Problem statement - The lines below starting at the line containing "Ingredients Athletic Shorts (view 1)" and ending at the line containing "Advance Easiness 3, L" are to be repeated exactly, with both ends kept and nothing else added.

==== Source information ====

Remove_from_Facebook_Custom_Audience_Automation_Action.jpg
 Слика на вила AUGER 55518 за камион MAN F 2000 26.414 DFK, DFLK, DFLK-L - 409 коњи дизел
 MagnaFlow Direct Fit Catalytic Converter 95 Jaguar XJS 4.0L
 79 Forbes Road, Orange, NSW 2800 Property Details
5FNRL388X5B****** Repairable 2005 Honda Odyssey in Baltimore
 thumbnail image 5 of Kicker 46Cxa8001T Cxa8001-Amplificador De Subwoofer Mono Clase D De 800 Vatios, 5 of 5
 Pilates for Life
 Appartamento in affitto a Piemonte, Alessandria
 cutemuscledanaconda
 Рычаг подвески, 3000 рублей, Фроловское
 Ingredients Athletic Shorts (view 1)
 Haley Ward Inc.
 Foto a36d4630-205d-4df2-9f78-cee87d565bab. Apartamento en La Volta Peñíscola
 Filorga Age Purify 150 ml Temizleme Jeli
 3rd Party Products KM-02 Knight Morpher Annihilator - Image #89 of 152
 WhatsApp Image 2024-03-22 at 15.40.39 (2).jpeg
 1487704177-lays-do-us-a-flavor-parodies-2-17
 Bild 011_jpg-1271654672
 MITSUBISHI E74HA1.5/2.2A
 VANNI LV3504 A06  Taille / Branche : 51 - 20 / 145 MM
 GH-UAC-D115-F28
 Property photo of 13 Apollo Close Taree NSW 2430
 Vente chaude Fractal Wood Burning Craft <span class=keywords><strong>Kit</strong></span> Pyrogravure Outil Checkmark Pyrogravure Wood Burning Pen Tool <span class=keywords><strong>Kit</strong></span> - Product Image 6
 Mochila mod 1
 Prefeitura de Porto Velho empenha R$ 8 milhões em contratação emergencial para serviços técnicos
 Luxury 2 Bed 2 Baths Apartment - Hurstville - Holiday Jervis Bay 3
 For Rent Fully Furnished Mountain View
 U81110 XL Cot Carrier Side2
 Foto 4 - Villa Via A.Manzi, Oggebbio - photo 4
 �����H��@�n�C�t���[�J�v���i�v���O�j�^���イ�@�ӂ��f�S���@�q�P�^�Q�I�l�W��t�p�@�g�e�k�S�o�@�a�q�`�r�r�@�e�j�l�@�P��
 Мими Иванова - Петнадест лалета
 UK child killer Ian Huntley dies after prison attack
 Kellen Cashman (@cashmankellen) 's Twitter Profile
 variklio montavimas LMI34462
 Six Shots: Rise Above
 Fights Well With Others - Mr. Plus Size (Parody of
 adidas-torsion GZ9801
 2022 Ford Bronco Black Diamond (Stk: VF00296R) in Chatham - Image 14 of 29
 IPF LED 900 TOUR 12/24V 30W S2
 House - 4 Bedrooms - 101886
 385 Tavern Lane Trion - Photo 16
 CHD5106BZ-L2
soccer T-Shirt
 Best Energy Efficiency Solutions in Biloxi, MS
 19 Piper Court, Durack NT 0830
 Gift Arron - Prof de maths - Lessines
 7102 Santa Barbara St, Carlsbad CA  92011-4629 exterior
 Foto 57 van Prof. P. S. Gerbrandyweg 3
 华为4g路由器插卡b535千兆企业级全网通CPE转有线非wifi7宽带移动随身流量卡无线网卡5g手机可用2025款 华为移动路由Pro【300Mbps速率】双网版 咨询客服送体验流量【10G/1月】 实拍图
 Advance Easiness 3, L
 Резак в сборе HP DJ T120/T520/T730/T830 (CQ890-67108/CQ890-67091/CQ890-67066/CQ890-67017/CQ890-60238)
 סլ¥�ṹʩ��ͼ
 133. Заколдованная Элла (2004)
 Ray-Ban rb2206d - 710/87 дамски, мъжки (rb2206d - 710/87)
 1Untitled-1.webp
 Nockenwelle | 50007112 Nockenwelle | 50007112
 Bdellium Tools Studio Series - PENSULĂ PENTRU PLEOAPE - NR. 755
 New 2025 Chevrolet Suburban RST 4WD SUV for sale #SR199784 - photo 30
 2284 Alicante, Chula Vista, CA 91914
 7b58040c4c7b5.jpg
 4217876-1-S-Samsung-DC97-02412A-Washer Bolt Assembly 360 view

====

Answer space -
 Ingredients Athletic Shorts (view 1)
 Haley Ward Inc.
 Foto a36d4630-205d-4df2-9f78-cee87d565bab. Apartamento en La Volta Peñíscola
 Filorga Age Purify 150 ml Temizleme Jeli
 3rd Party Products KM-02 Knight Morpher Annihilator - Image #89 of 152
 WhatsApp Image 2024-03-22 at 15.40.39 (2).jpeg
 1487704177-lays-do-us-a-flavor-parodies-2-17
 Bild 011_jpg-1271654672
 MITSUBISHI E74HA1.5/2.2A
 VANNI LV3504 A06  Taille / Branche : 51 - 20 / 145 MM
 GH-UAC-D115-F28
 Property photo of 13 Apollo Close Taree NSW 2430
 Vente chaude Fractal Wood Burning Craft <span class=keywords><strong>Kit</strong></span> Pyrogravure Outil Checkmark Pyrogravure Wood Burning Pen Tool <span class=keywords><strong>Kit</strong></span> - Product Image 6
 Mochila mod 1
 Prefeitura de Porto Velho empenha R$ 8 milhões em contratação emergencial para serviços técnicos
 Luxury 2 Bed 2 Baths Apartment - Hurstville - Holiday Jervis Bay 3
 For Rent Fully Furnished Mountain View
 U81110 XL Cot Carrier Side2
 Foto 4 - Villa Via A.Manzi, Oggebbio - photo 4
 �����H��@�n�C�t���[�J�v���i�v���O�j�^���イ�@�ӂ��f�S���@�q�P�^�Q�I�l�W��t�p�@�g�e�k�S�o�@�a�q�`�r�r�@�e�j�l�@�P��
 Мими Иванова - Петнадест лалета
 UK child killer Ian Huntley dies after prison attack
 Kellen Cashman (@cashmankellen) 's Twitter Profile
 variklio montavimas LMI34462
 Six Shots: Rise Above
 Fights Well With Others - Mr. Plus Size (Parody of
 adidas-torsion GZ9801
 2022 Ford Bronco Black Diamond (Stk: VF00296R) in Chatham - Image 14 of 29
 IPF LED 900 TOUR 12/24V 30W S2
 House - 4 Bedrooms - 101886
 385 Tavern Lane Trion - Photo 16
 CHD5106BZ-L2
soccer T-Shirt
 Best Energy Efficiency Solutions in Biloxi, MS
 19 Piper Court, Durack NT 0830
 Gift Arron - Prof de maths - Lessines
 7102 Santa Barbara St, Carlsbad CA  92011-4629 exterior
 Foto 57 van Prof. P. S. Gerbrandyweg 3
 华为4g路由器插卡b535千兆企业级全网通CPE转有线非wifi7宽带移动随身流量卡无线网卡5g手机可用2025款 华为移动路由Pro【300Mbps速率】双网版 咨询客服送体验流量【10G/1月】 实拍图
 Advance Easiness 3, L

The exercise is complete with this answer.